OK, let's break this graph down.
22% of these people "try to support good developers." OK, but what about the mediocre ones? This is something that I don't think people understand: most good developers were bad developers at one time or another. Not everyone has the talent to pull everything off right the first few times. Making a game is like any other skilled art form: it requires practice.
The mediocre developers today are the good developers of the future. Which these pirates are shafting by playing their games without paying for them. If you don't like their games, that's fine: don't play them.
43% will only buy the absolute best of the best, using whatever metric they so choose. These have the same problem as the above: it doesn't help anyone but the best of the best. I guess a game developer doesn't deserve money if a game isn't absolutely perfect.
There have been so many games that I have enjoyed. But far fewer of them are what I would call "amazing". The majority of pirates are saying that they shouldn't have to pay for a game that is merely good; it must be "amazing" or fuck that game developer for not being utterly perfect in every way and innovating the genre.
Hell, I love SC2, but would I call it "amazing"? No; it is merely an example of a excellently executed RTS game, using standard RTS gaming conventions.
22% ARE THE REASON WHY WE DON'T HAVE LAN! They admit it themselves: they would steal the game, but they can't, because they can only get the full experience by buying it. That is 2,640 sales of SC2 that we can, by their own admission, say would not have been made if SC2 had LAN play.

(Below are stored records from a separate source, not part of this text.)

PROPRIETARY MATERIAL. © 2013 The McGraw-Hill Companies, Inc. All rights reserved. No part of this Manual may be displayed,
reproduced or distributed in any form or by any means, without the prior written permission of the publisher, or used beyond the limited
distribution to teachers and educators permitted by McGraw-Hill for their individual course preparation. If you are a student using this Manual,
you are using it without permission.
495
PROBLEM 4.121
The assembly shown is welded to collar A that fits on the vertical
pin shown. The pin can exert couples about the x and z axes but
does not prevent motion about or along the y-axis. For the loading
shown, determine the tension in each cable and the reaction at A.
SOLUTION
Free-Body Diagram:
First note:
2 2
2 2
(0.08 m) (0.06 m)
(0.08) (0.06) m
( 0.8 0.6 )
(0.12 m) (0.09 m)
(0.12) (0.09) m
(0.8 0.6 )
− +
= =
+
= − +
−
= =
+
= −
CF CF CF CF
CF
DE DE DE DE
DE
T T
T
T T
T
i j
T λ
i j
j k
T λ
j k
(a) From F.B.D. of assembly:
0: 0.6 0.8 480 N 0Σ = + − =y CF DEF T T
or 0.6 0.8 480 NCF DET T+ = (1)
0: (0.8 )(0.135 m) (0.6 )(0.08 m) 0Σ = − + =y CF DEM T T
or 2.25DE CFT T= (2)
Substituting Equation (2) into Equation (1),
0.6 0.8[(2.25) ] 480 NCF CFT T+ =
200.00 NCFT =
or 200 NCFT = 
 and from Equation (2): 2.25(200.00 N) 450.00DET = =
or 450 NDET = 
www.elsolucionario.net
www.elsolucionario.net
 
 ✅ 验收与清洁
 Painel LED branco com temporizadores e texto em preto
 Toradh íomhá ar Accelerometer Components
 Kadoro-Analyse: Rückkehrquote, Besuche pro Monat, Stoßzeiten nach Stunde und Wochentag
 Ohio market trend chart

LAN in SC2 now has a definite price tag: $158,400. Minimum.
10% are assholes. But to be honest, these are the ones I respect the most. Why? Because at least they admit it. The top 65% likes to pretend that their actions are all noble. That they are pirates, but they still support "good developers", however widely or narrowly they define that.
There's a purity in saying, "I'm just going to take what I want." I can respect that. Sure, they're tools. But they're pure about it; they don't try to put on airs. They don't try to act like they're not exactly what they clearly are. They don't try to convince you that they can be bargained or reasoned with. They want your shit for free, period.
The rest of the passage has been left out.